Après Vilnius, l'OTAN devrait donner à l'Ukraine tout ce qu'elle veut, y compris des F35

Jean Delaunay

Après Vilnius, l’OTAN devrait donner à l’Ukraine tout ce qu’elle veut, y compris des F35

Si l’Occident veut sérieusement honorer les mérites de l’Ukraine pour la sécurité européenne face à l’agression russe, Kiev doit recevoir une aide à la sécurité complète à l’avenir, écrit Oliver Rolofs.

Lorsque j’ai demandé à l’ancien président estonien Toomas Hendrik Ilves sur scène à la conférence de Munich sur la cybersécurité l’année dernière quelles leçons l’Allemagne pourrait tirer de la guerre de la Russie contre l’Ukraine pour éviter de futures erreurs, sa réponse a été claire : la prochaine fois, mieux vaut écouter les Européens de l’Est.

Mais cette fois, lors du récent sommet de l’OTAN à Vilnius, valait-il mieux écouter une fois de plus l’Allemagne et les États-Unis ?

Le chancelier allemand Olaf Scholz et le président américain Joe Biden ont rejeté l’ambitieux objectif de l’Ukraine d’après-guerre de devenir le 33e membre de l’alliance, du moins pour le moment.

Ce qui ressemble à une décision pragmatique et désamorçante pour certains est une décision négligente pour ceux qui veulent une dissuasion maximale contre Moscou tout en honorant les mérites de l’Ukraine pour la sécurité européenne.

C’est une décision qui peut donner au Russe Vladimir Poutine de fausses incitations à poursuivre la guerre, à empêcher les ambitions de l’OTAN de Kiev et même à définir un nouvel objectif de guerre, comme on peut le voir maintenant avec le refus de Moscou de prolonger l’accord sur les céréales – ou en pratique, le Kremlin déclaration de facto de guerre de la faim contre le monde.
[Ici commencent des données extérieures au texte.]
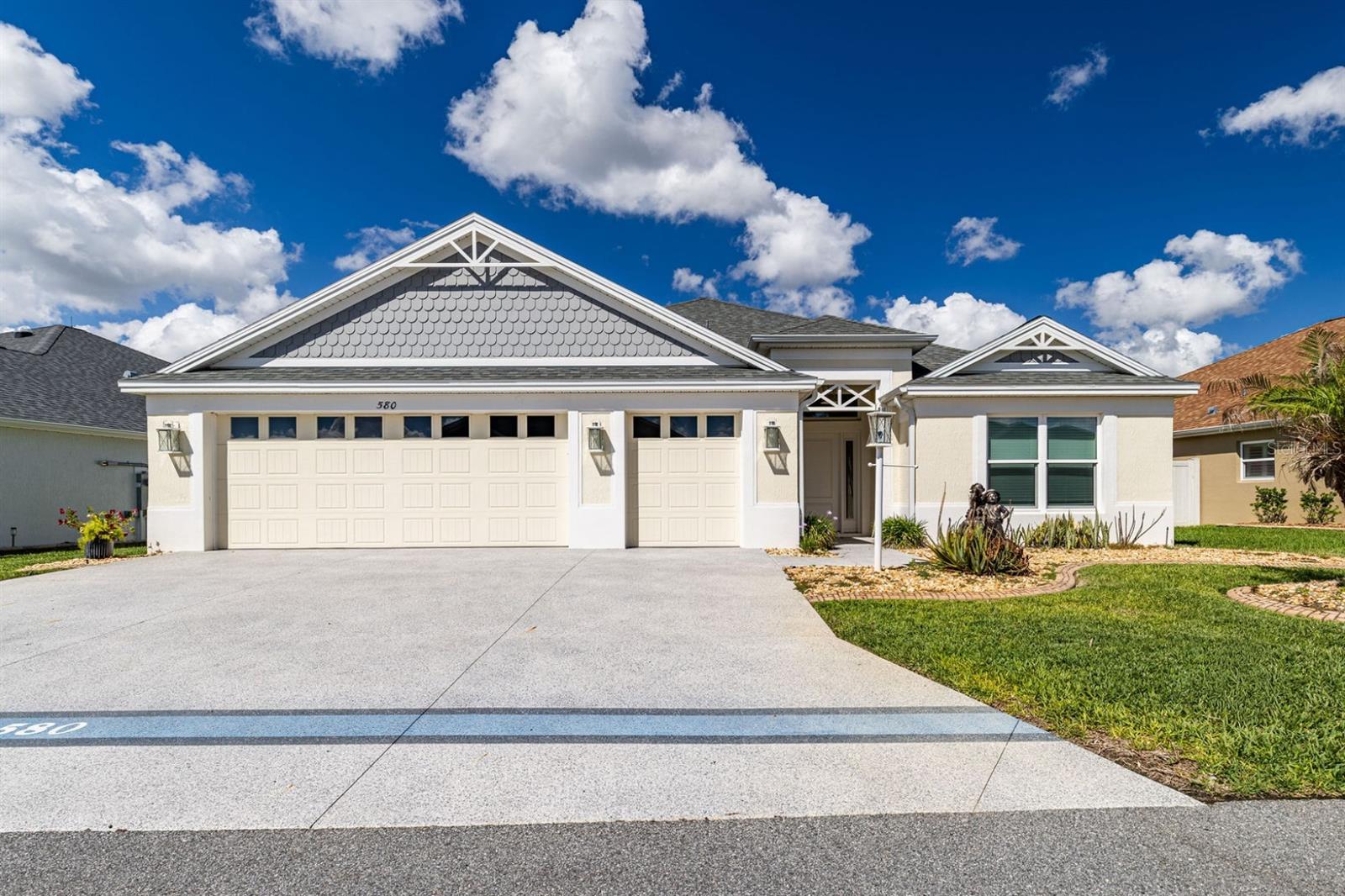 580 GOUGH PL, THE VILLAGES, FL — photo 58
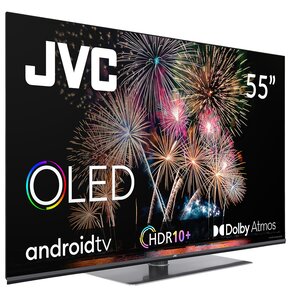 Telewizor JVC LT-55VAO9200 55" OLED 4K 100Hz Android TV Dolby Atmos Dolby Vision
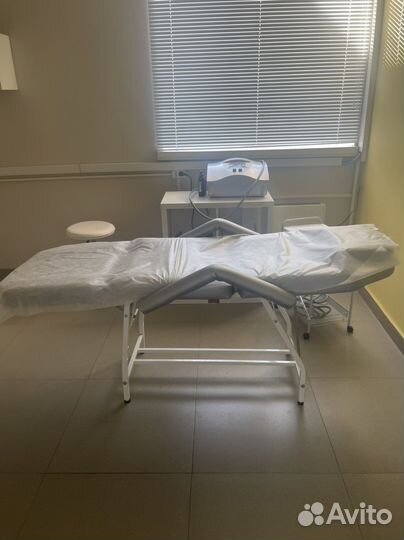 Косметологическое кресло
La volonté de doter l’Ukraine d’armes se poursuit

Peut-être, cependant, les mesures et le soutien convenus à Vilnius s’avéreront-ils la voie médiane la plus sage en termes de politique de sécurité, même si une invitation à postuler à l’adhésion n’implique pas encore une décision d’approbation.

Néanmoins, il ouvre de nouvelles marges de manœuvre dans les deux sens. D’une part, nous avons la possibilité d’une diplomatie dans laquelle la Russie refuse encore actuellement de s’engager, mais d’autre part également la possibilité de tracer de nouvelles lignes rouges pour Moscou.

Pendant ce temps, l’Occident sera désormais jugé sur sa volonté de fournir à l’Ukraine des armes, des ressources financières et un savoir-faire pour parvenir à une décision rapide.

AP Photo/Yves Hermann
Le président ukrainien Volodymyr Zelenskyy rencontre le chancelier allemand Olaf Scholz lors du sommet de l’OTAN à Vilnius, juillet 2023

Entre autres choses, il y a le Conseil OTAN-Ukraine récemment convenu, un programme pluriannuel visant à rendre les forces armées ukrainiennes interopérables à l’avenir avec les troupes de l’OTAN, ainsi qu’un soutien sécuritaire garanti des pays du G7 ou, sous une forme affaiblie, la garantie de sécurité pour l’Ukraine basée sur le modèle israélien.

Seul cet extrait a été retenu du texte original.